Hanan Ashrawi, a member of IWC and the Palestinian Legislative Council, is positive about the fact that Israel accepted an expanded international force in Lebanon, perhaps an indication that Israel will accept more international participation in the peace process.

However, in complete opposition to the Arab peace initiative and similarly to IWC’s goals, Israeli Foreign Minister Tzipi Livni’s statement on Wednesday that the “Two-state solution does not mean withdrawing to the borders of 1967,” could likely lead to disappointing results.

But IWC members are taking advantage of the serious discussions taking place about the war in Lebanon, expecting that they will lead to renewed negotiations on the Palestinian-Israeli conflict. The war in Lebanon brought a conflict, perceived to be somewhat insignificant and narrow, to the world stage because it threatened to destabilize the whole region.
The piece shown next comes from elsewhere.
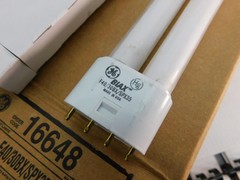 NOS GE 16648, Fluorescent light bulbs, case of 10, F40/30BX/SPX35, 4 pin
The commission was formed in 2005 to redirect world attention to UN resolution 1325, which encourages women to participate in conflict resolution in the Middle East.  Its members are all women and include Israeli and Palestinian officials and other leaders from around the world.

IWC members define women as having a different approach to conflict, that they are more concerned with food and shelter and human rights issues then military solutions.

Ashrawi said that, as women, the members of the commission bring an awareness of "human value" to the thinking on peace.  She added, “This is not an exercise in virtuosity or power.  This is not a process for its own sake…. We’re dealing with our lives.”